• EDS – Lundi 15 juillet – « Fais quelque chose, Dieu ! »

    Lisez le Psaume 82. Quel message nous est adressé ici ?

    Malgré l’ordre et les règles sociétaux que Dieu leur avait donnés, la nation israélite, à différents moments de son histoire, ne fut pas à la hauteur de ce plan. Ils devinrent comme les nations autour d’eux, vivant selon un modèle d’injustice et d’oppression. Les chefs et les juges ne s’occupaient que d’eux-mêmes, et l’on pouvait les acheter par la corruption. Sans tribunaux pour les protéger, les gens ordinaires, et en particulier les pauvres, étaient susceptibles d’être exploités.

    Le Psaume 82 est une réponse à ce genre de situation. Il décrit le rôle de Dieu comme Juge Suprême, et dépeint une scène dans laquelle il juge les dirigeants et même les juges du peuple.
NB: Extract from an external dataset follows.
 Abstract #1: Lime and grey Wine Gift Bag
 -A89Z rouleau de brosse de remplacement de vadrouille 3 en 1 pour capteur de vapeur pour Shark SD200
Ce psaume souligne que ceux qui assument de tels rôles dans la société « remplissent les fonctions de juges au-dessous de lui. » Ellen G. White, Prophètes et rois, p. 147. Ils détiennent leur position et mènent leur travail comme représentants et subordonnés de Dieu. Dans l’idée du psalmiste, la justice de Dieu est un modèle qui nous montre comment la justice doit opérer, et elle fournit également la mesure selon laquelle une telle justice (ou injustice) et ceux qui la rendent seront jugés.

    Le psaume conclut par un appel spécifique pour que Dieu agisse (Ps 82.8), qu’il intervienne et qu’il mette un terme à l’injustice tellement répandue dans la nation. Comme bon nombre des psaumes, celui-ci prête une voix à ceux qui n’en ont pas, et aux opprimés, dont la voix a été réduite au silence par les systèmes injustes dans lesquels ils vivent et travaillent.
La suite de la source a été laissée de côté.